Dobrnęliśmy do końca 🔚 listy wstydliwych mitów🧾, w które wciąż, o dziwo 🤷🏻, wielu z nas wierzy. Ostatnie miejsce pozostawiliśmy największej perełce wśród wymysłów zdeklarowanych antyszczepionkowców. To mit szczególnie lubiany i powtarzany, jak mantra: szczepienia powodują autyzm.

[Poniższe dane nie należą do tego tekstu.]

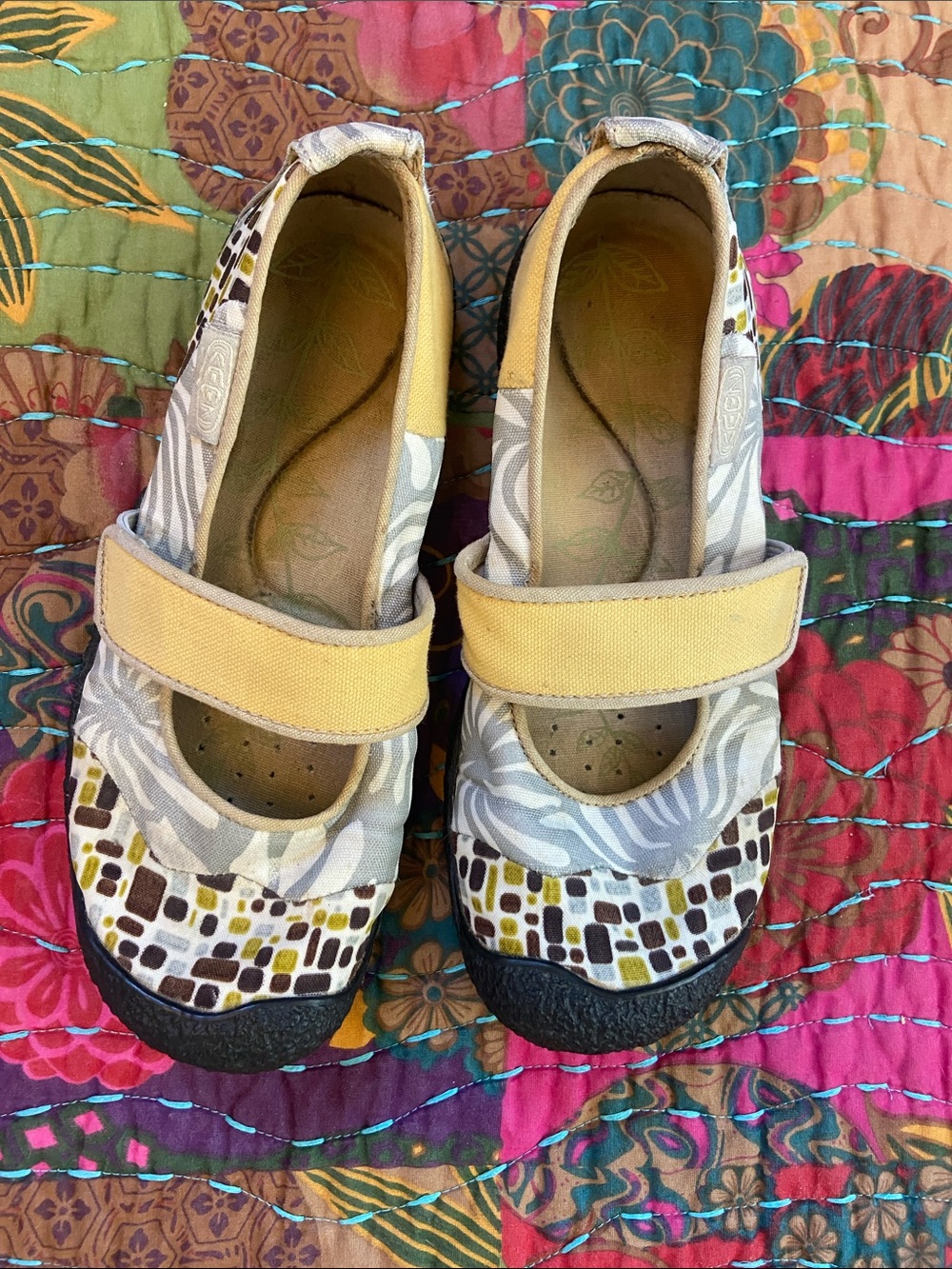 Keen Multicolor y2k vintage Mary Jane Sneakers with Yellow Strap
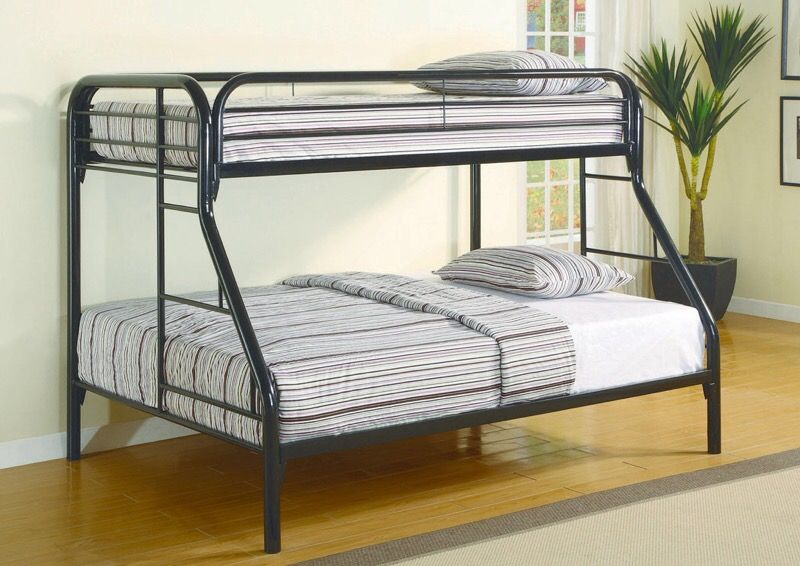 Bunk bed twin & full and 2 mattresa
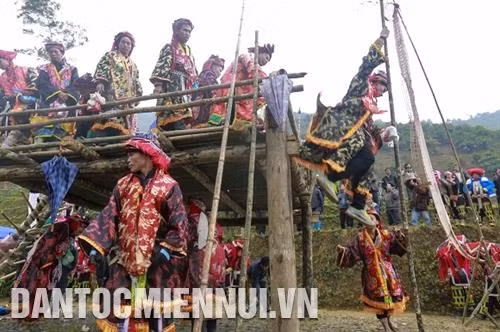 Gia đình chủ nhà sẽ dựng lán làm lễ, dựng đàn tế Ngọc Hoàng, Bàn Vương… Ảnh: Nguyễn Bích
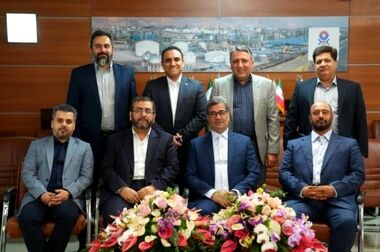 امضای تفاهم نامه همکاری میان شرکت پتروشیمی جم و شرکت سرمایه‌گذاری صنایع پتروشیمی در حاشیه نمایشگاه نفت گاز و پتروشیمی ۱۴۰۴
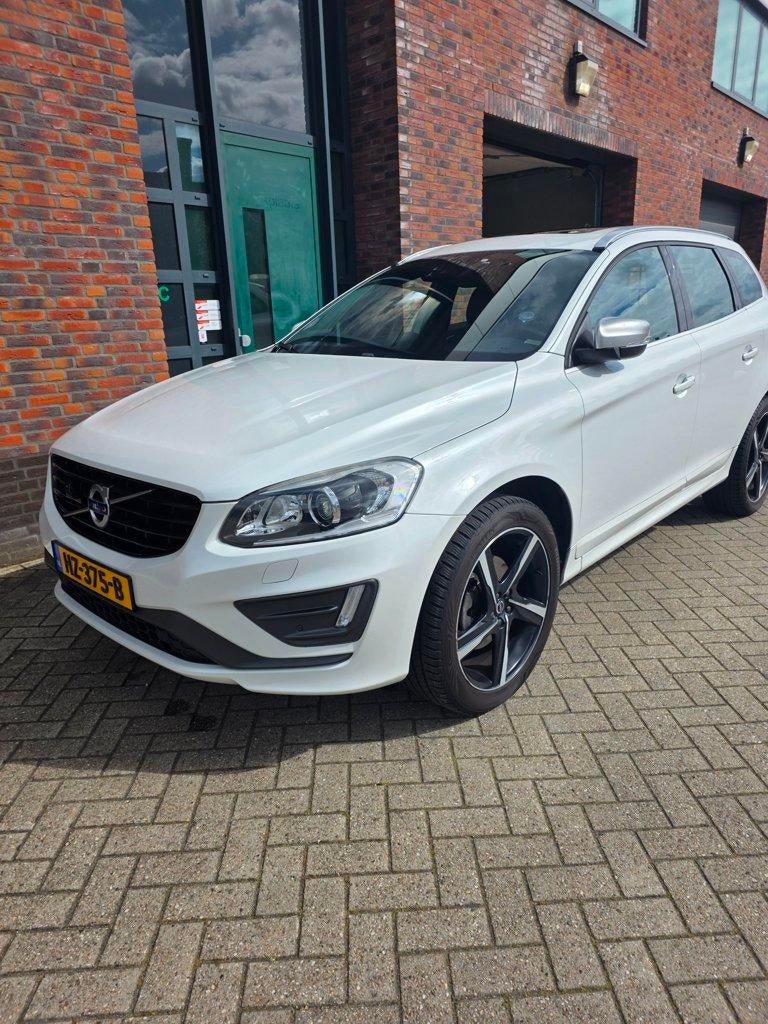 Volvo XC60 2.0 D4 FWD R-Design panoramadak.nieuwstaat, Auto's, 1969 cc, Wit, Bedrijf, Lichtsensor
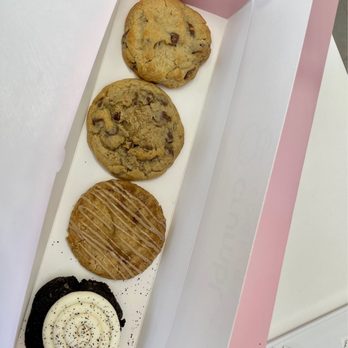 Crumbl - Edina - Oreo, Maple Glaze, Chocolate Chip - Bakeries Near Me - Edina, Minnesota Crumbl - Edina - Oreo, Maple Glaze, Chocolate Chip - Bakeries Near Me - Edina, Minnesota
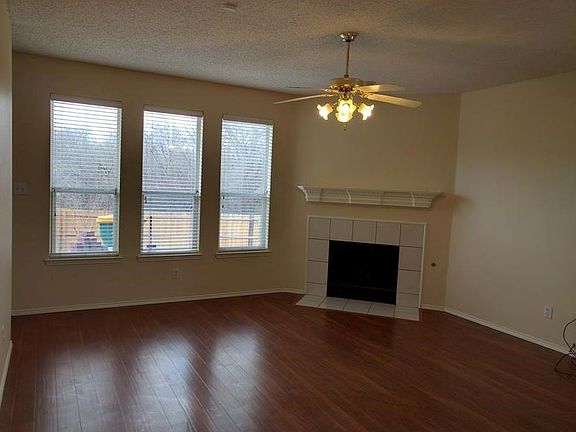 3rd image of 526 Continental Dr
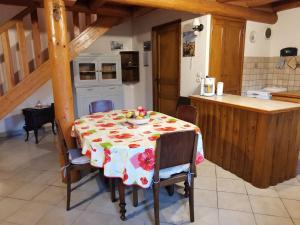 una cocina con una mesa con un plato de comida. en Gîte Allègre, 4 pièces, 6 personnes - FR-1-582-151, en Allègre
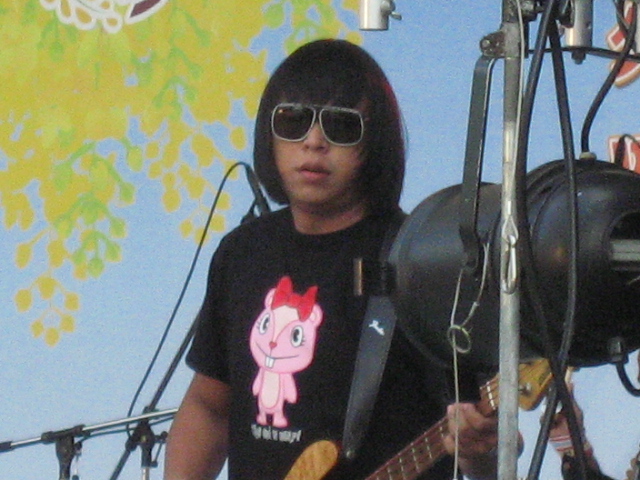 タイのロックバンド_b0097747_13344.jpg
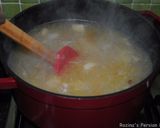 A picture of step 7 of Parsnip soup with potatoes.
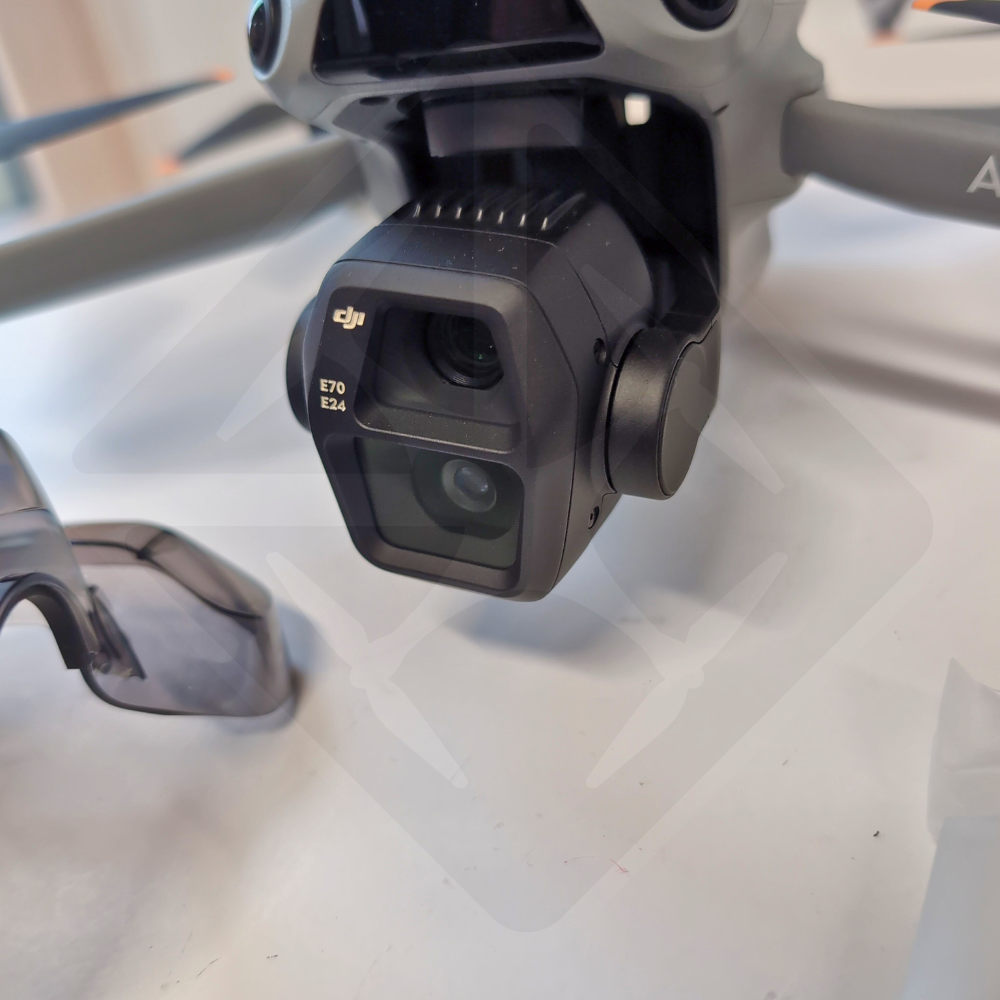 Caméra de drone avec lunettes de protection.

Zastanówmy się, kiedy po raz pierwszy pojawiła się informacja o rzekomym związku podania szczepienia przeciw odrze, śwince i różyczce z wystąpieniem autyzmu. Był to rok 1998 – w medycynie, uwzględniając dynamizm rozwojowy wszystkich jej dziedzin, to trochę jak wielowiekowa podróż w czasie 🕰. Następnie przypomnijmy sobie, że badanie 🔬, które stało się podstawą dla ogłoszenia tych skrajnych rewelacji obarczone było poważnymi błędami, również merytorycznymi. Nie bez przyczyny opublikowana 📰 na jego podstawie praca została ostatecznie wycofana i owiana złą sławą.
Jednak raz zasiane ziarno paniki, przy odpowiedniej sile przekazu, kiełkować 🌱 będzie latami. To poważny problem, biorąc pod uwagę skalę ryzyka, jaką osiągamy z uwagi na spadek poziomu szczepień MMR.
Raz jeszcze rzućmy okiem 👁 na tę wstydliwą listę, będącą wynikiem niewiedzy i przekazywanych sobie z pokolenia 👴 na pokolenie 👦 skrajnych przekonań. A przecież to tylko kilka punktów, wierzchołek 🏔 przysłowiowej góry lodowej. Warto jednak, patrząc na nie uświadomić sobie, jaki wpływ na występowanie ognisk chorób zakaźnych na świecie mają bajki. Im więcej ich opowiadamy, tym większe grono odbiorców w nie wierzy, kwestionując otwarcie wieloletnie dokonania medycyny. To błędne koło, z którego trudno się wyrwać.